Instaparse is heaps of fun!

P.S.: when cleaning up the result, please don’t use Clojure core’s read-string. As its docstring says, “read-string can execute code… For data structure interop use clojure.edn/read-string.”

Mathematical programming (LP, IP, MIP, QP, etc.) is pretty cool and common in operations research (under the field of Optimization). Glad to see it bubble up again. Last time I looked at Prolin, comparing it to something like Pulp, pulp seemed to have a better eDSL. Pulp makes it pretty easy to programmatically generate large collections of equations using python’s flow control (e.g. comprehensions/iterators). Other commercial systems (like GAMS) have a similar facilitary in their own scripting language that allows set definition, and control flow for generating equations.

Instaparse could be an interesting middle ground to allow general mathematical script to be translated fairly directly into formulations.
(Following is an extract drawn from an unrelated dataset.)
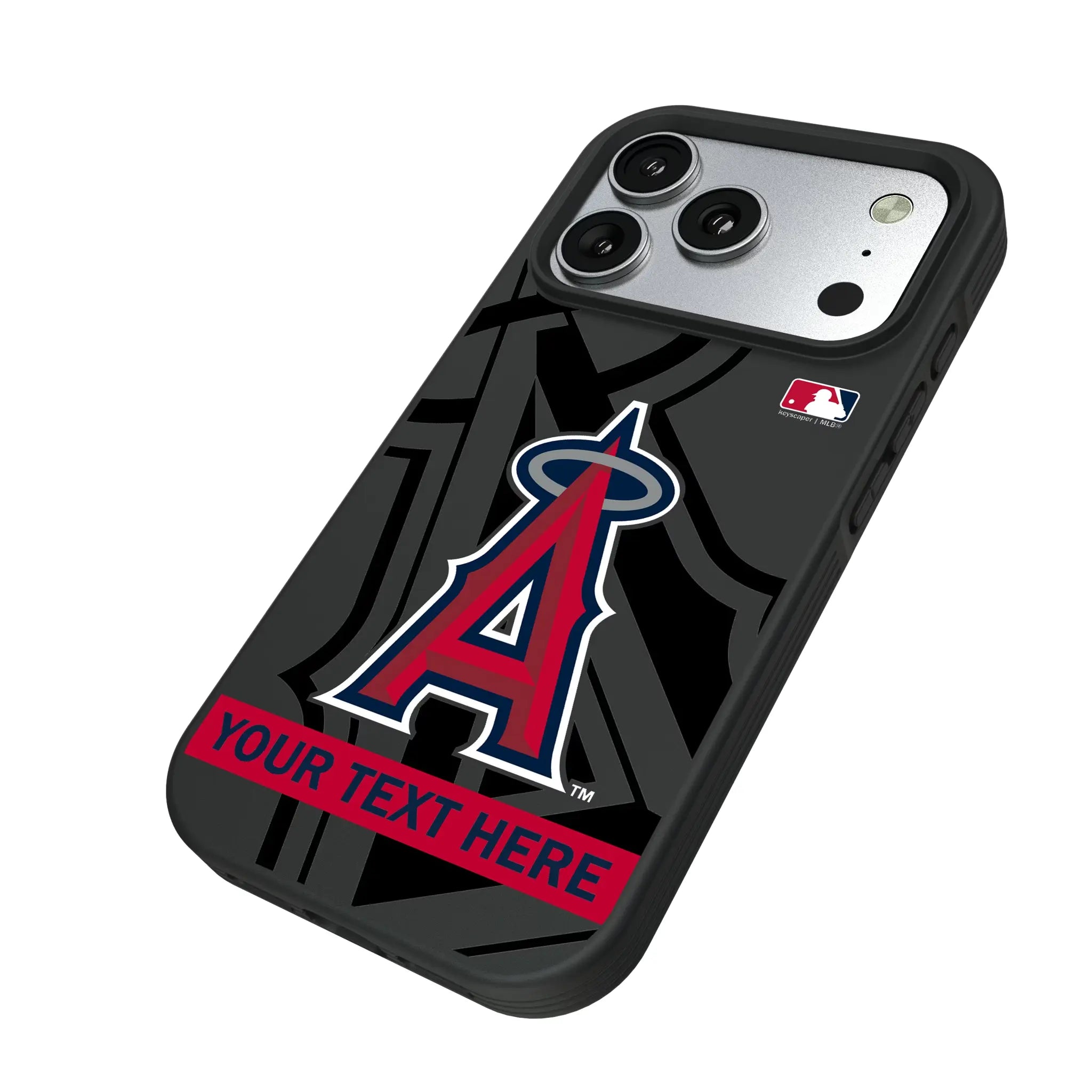 Los Angeles Angels Personalized Tilt iPhone Bump Phone Case for Apple iPhone - Isometric View#Device_iPhone 17 Pro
Note: you can go further (more portably) if you parse from the formulation into mps which can be portably fed to any decent solver. I also think prolin rests on apache.commons.math primal simplex solver, and doesn’t have a branch-and-bound solver for MIP problems (that would be an interesting exercise). If you’re only doing LP though, it’s probably plenty (although I don’t know what the upper bounds on tractable problem instances are for it).

I think @Linus_Ericsson might have written a solver that doesn’t rely on the apache stuff. Not sure if it’s in a sharable state, but as I remember it, it needed a parser.

You mean a linear programming solver from the ground up? E.g. simplex (primal/dual) or interior point? Very curious to see if so.

I found this post from Paul Khuong on implementing a solver in CL to be pretty informative, for what it’s worth. Thought about doing something similar on top of neanderthal.

Yes, from the ground up. Simplex. I don’t know what primal/dual means here, nor interior point, so couldn’t tell you. Let’s hope Linus sees this and can enlighten us.

Our use case: We needed something that worked both for Clojure and ClojureScript for our isomorphic web app. We were initially using https://github.com/cljsjs/packages/tree/master/simplex-solver (which I put together) for the frontend. And then also for the backend, through Nashorn (iirc). Using cljc was of course much simpler/less complex.

If it’s this you mean https://github.com/claj/prolin , then it uses the Apache simplex solver.

No, we couldn’t use that because we needed it for ClojureScript as well. But also yes, because Linus ported relevant parts of the Apache solver to Clojure. I’m hoping he will find the time to make it available for public consumption.